Pourquoi l’agglomérante, et pas autre chose
Il faut comprendre ce que fait réellement la machine, parce que le mot « autonettoyante » induit tout le monde en erreur. Elle ne nettoie rien. Elle tamise. Elle fait tourner le bac et laisse la litière propre retomber à travers une grille, pendant que ce qui est trop gros pour passer part dans le tiroir à déchets.
Tout le fonctionnement tient donc à une condition : l’urine doit devenir un objet solide. C’est exactement ce que fait une litière agglomérante, elle transforme le liquide en une masse compacte que la grille ne laisse pas passer.
Avec une litière qui n’agglomère pas, la machine continue de tourner et retire consciencieusement les crottes, mais l’urine reste répartie dans le bac. Vous vous retrouvez avec un appareil qui fonctionne parfaitement et une litière qui sent, et vous videz tout à la main chaque semaine. Ce n’est pas une panne, c’est une incompatibilité, et le vendeur n’y est pour rien.

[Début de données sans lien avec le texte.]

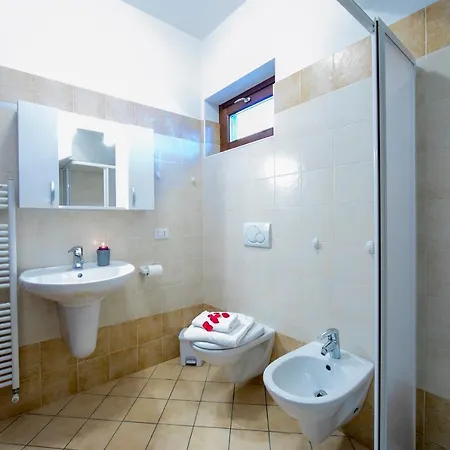 Laveno-mombello Sleeps 6 Holiday home
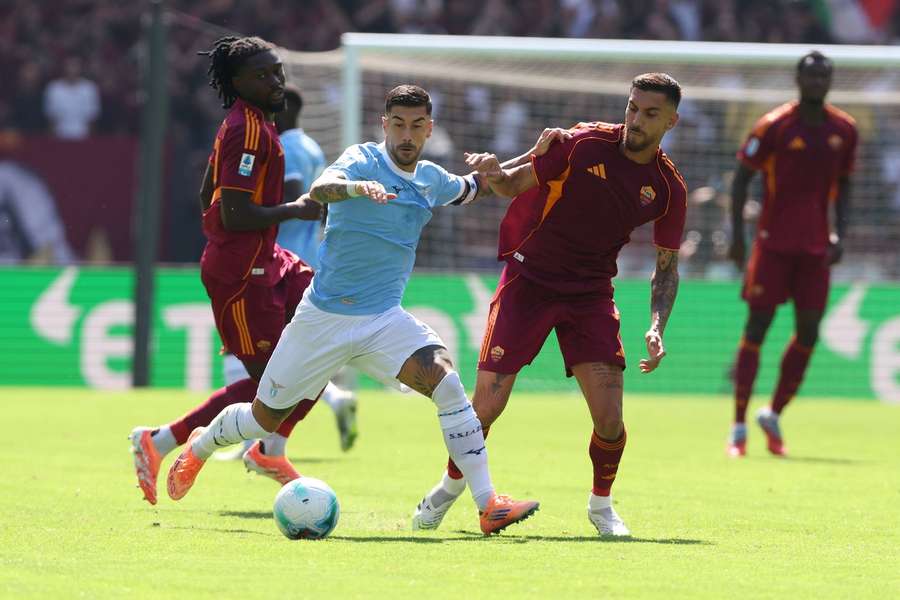 Derby-ul Romei a fost mutat luni, 18 mai Derby-ul Romei a fost mutat luni, 18 mai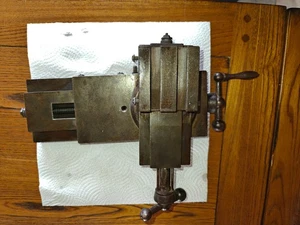 Torno relojero vintage deslizamiento cruzado, taladro prensa y fresadora - Imagen 1 de 6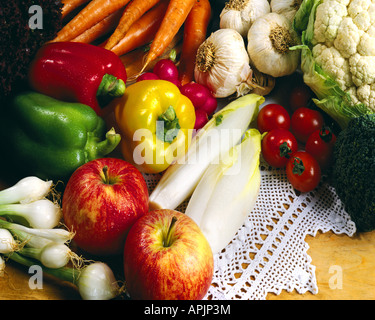 GESUNDE Ernährung-Konzept: Obst & Gemüse Stockfoto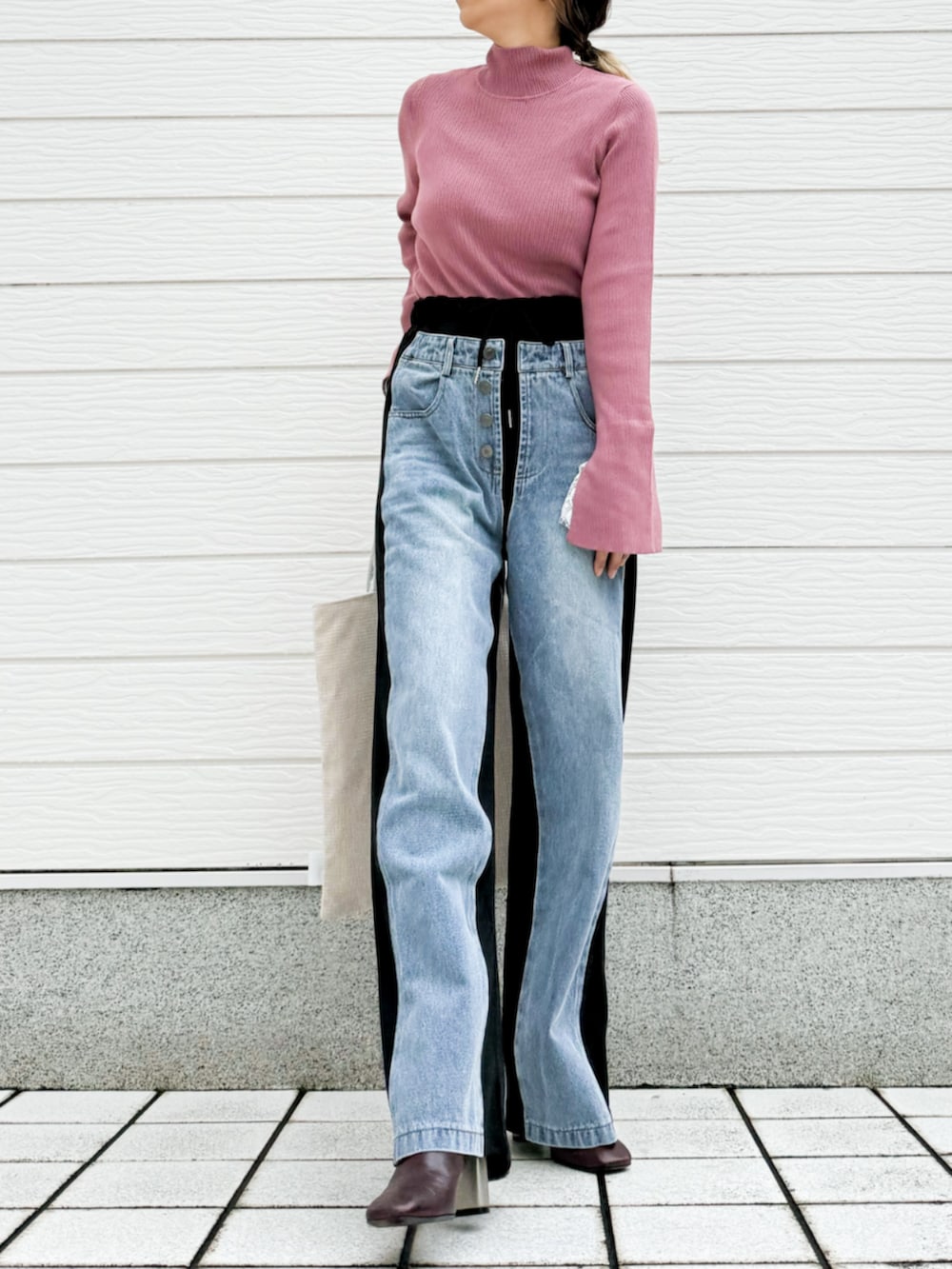 ホワイト系のトートバッグ、ブラック系のスウェットパンツ、ピンク系のニット/セーターを着用したレディースの秋コーディネートの2枚目の写真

Les quatre critères sur le paquet
- Agglomérante. Non négociable, pour la raison ci-dessus.
- Grains fins. La litière propre doit passer à travers la grille. Des granules trop gros ne passent pas, et ce qui ne passe pas finit dans le tiroir à déchets alors qu’il est encore propre.
- Agglomération dure. C’est le critère qu’on oublie. Le bac tourne, et un agglomérat mou se casse en morceaux pendant la rotation. Les morceaux repassent à travers la grille et restent dans la litière. Vous ne le verrez pas tout de suite, vous le sentirez au bout de dix jours.
- Peu de poussière. Pour le chat et pour vous, et aussi pour la machine : la poussière se dépose sur les capteurs et dans les parties mobiles. C’est le genre d’usure qui ne se voit pas jusqu’au jour où la détection devient capricieuse.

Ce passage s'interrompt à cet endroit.